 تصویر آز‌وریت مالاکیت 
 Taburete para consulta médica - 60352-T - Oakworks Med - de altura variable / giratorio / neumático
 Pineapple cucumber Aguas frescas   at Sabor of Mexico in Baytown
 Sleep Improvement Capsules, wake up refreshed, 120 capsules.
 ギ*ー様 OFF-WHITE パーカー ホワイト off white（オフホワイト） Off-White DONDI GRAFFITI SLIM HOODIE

━━━━━━━━━━━━━━━━━━━━

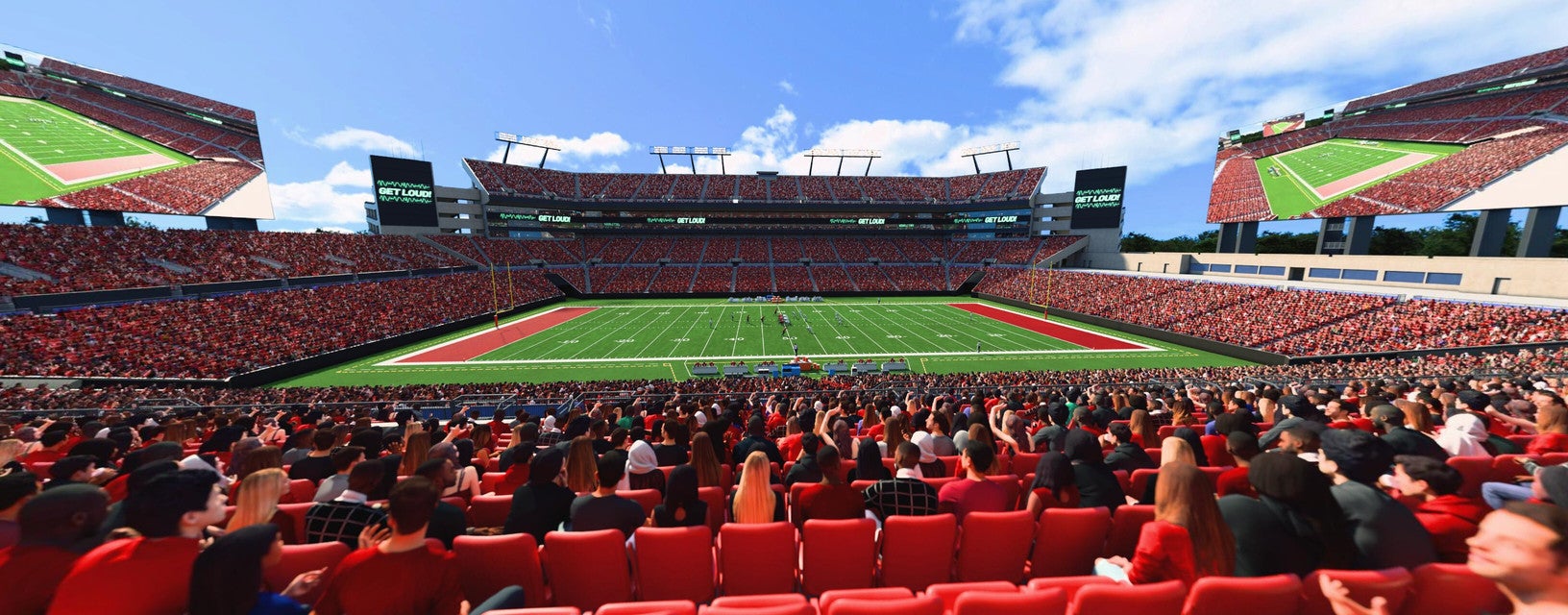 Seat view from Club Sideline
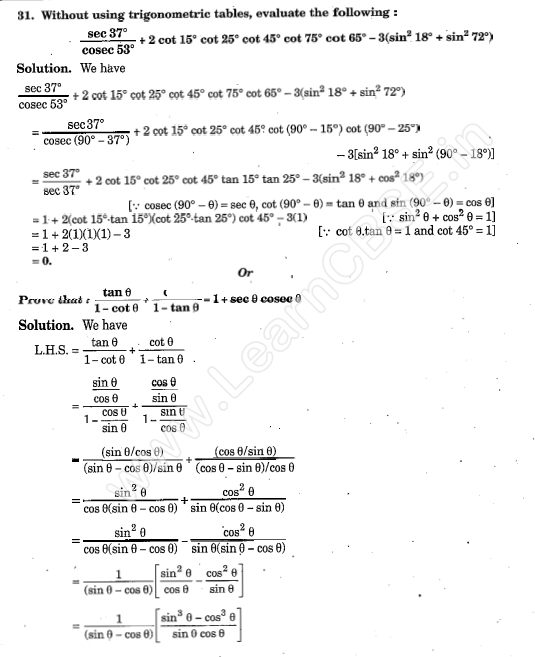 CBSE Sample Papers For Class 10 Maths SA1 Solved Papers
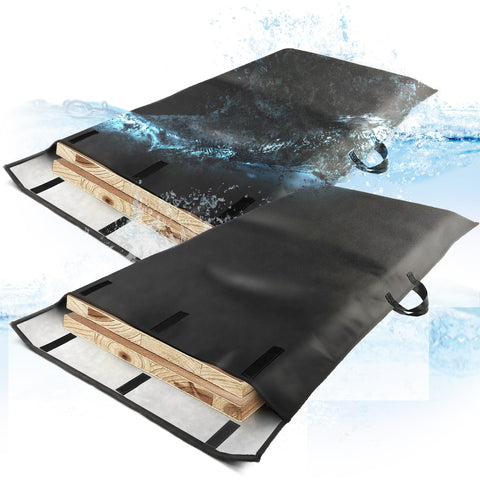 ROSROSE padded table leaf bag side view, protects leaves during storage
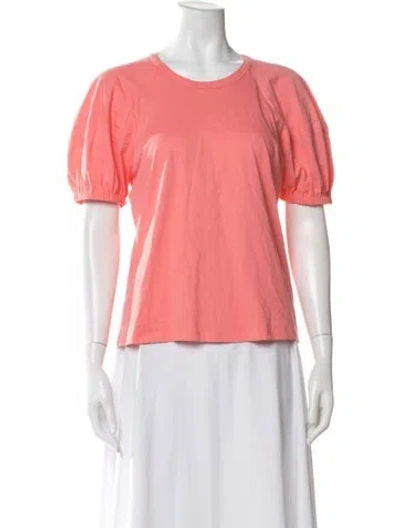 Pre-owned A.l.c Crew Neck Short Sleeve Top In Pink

━━━━━━━━━━━━━━━━━━━━

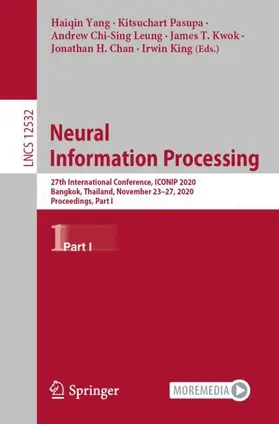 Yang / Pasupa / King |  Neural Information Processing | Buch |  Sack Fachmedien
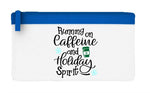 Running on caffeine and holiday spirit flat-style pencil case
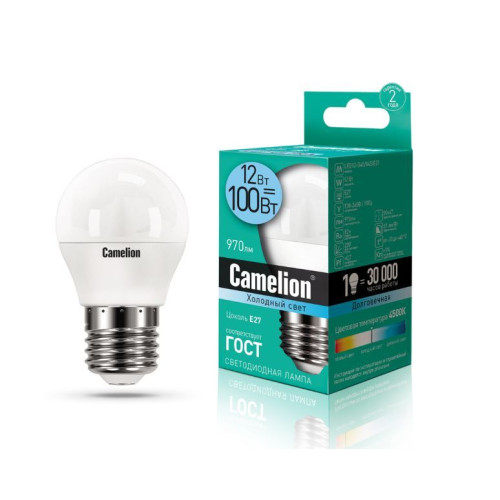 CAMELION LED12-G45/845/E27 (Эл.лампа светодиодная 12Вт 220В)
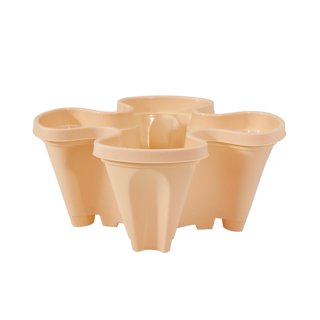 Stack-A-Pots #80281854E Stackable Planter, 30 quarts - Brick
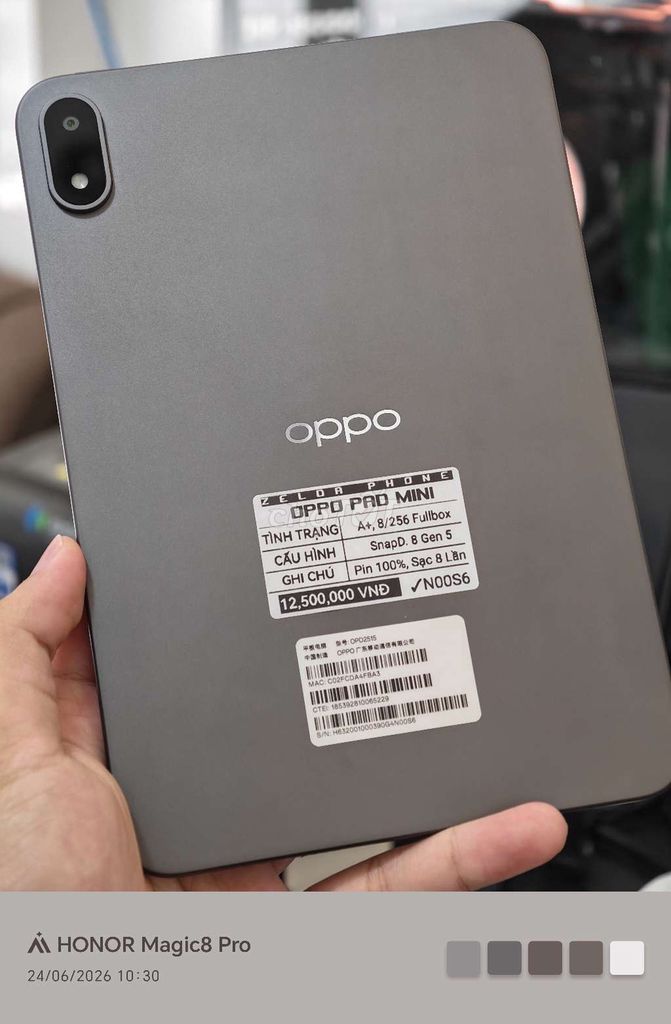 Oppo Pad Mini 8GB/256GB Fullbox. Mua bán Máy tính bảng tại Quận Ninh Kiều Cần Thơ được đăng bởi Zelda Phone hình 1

━━━━━━━━━━━━━━━━━━━━

WORK TO COMPLETE: Reproduce only the lines above spanning from the line containing "تصویر آز‌وریت مالاکیت" through the line containing "ギ*ー様 OFF-WHITE パーカー", word for word.

WRITTEN ANSWER:
 تصویر آز‌وریت مالاکیت 
 Taburete para consulta médica - 60352-T - Oakworks Med - de altura variable / giratorio / neumático
 Pineapple cucumber Aguas frescas   at Sabor of Mexico in Baytown
 Sleep Improvement Capsules, wake up refreshed, 120 capsules.
 ギ*ー様 OFF-WHITE パーカー ホワイト off white（オフホワイト） Off-White DONDI GRAFFITI SLIM HOODIE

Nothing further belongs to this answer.